By Kyle Olson
The past few years have been rough for the camera industry.
First, famed film company Kodak filed for bankruptcy protection after dismal sales and failing to capitalize on the digital trend that encompasses the camera business as of late.
According to the Washington Post, Ritz Camera & Image filed for Chapter 11 bankruptcy protection last week.
The filing marks the company’s second bankruptcy filing.
It was only three years ago that the company, founded in 1936, emerged from its last bankruptcy.
As physical retail shops lose ground to online shopping dynamos such as Amazon and EBay, it has become harder for retailers such as Ritz Camera to compete.
Although online shopping is one large component to Ritz’s slumping sales, there are many other variables that are continuing to cripple the camera and film industry.
For one, cell phone cameras have now become so advanced that people aren’t buying, or even using, stand-alone digital cameras.
Another nail in the coffin of the camera industry is the ease in which photos can be shared and printed.
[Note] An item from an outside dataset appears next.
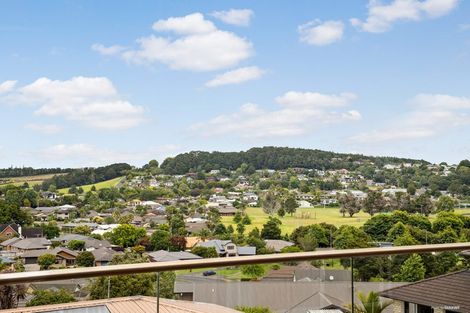 Photo of property in 14 Valley Heights Lane, Pukekohe, 2120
As printers and social media dominate society’s landscape, physical film and digital prints from retail stores have suffered tremendously.
Despite the grim outlook, sales at Ritz in May were up 20 percent. Unfortunately it was too little to late as the company decided to file for bankruptcy on Friday.
Ritz Camera & Image, as a part of the newly minted restructuring, plans to cut its 265 stores to 137 and chop its employee numbers in half; from 2,000 to 1,000, this according to the Washington Post.
According to the filing, the company has between $50 million and $100 million in liabilities and assets.
Ritz was a lucrative company specializing in selling cameras and processing film. As the years continued into the new millennium, the growing digital market of photography hit sales hard.
As recent as 2009, the company was in debt to the tune of $60 million.
Innovated, Adjust, or Get Left In The Dust
As the digital age continues to pave new ground in almost every industry imaginable, many companies are forced with tough decisions.
Some failed to recognize the shift in their respective industry and deemed the digital and technological boom as a fad, according to experts.
The camera and film industry was no different.
Some companies are at a crossroads in their history. Should they stick to the proven, profitable plan that may be obsolete in a few years, or should companies risk life and limb on new technologies that seem to be at the forefront of modern business?
It’s a tough call but, as the experts point out, the numbers don’t lie. Many consumers tell a tale through their spending (or lack thereof), and the consumers are sending a clear message.
Either companies become the change agents that dictate future success of their industry or fall by the wayside by sticking to time-honored traditions.
As technologies advance, experts warn that companies must advance at the same speed to keep up with the industry and competitors alike.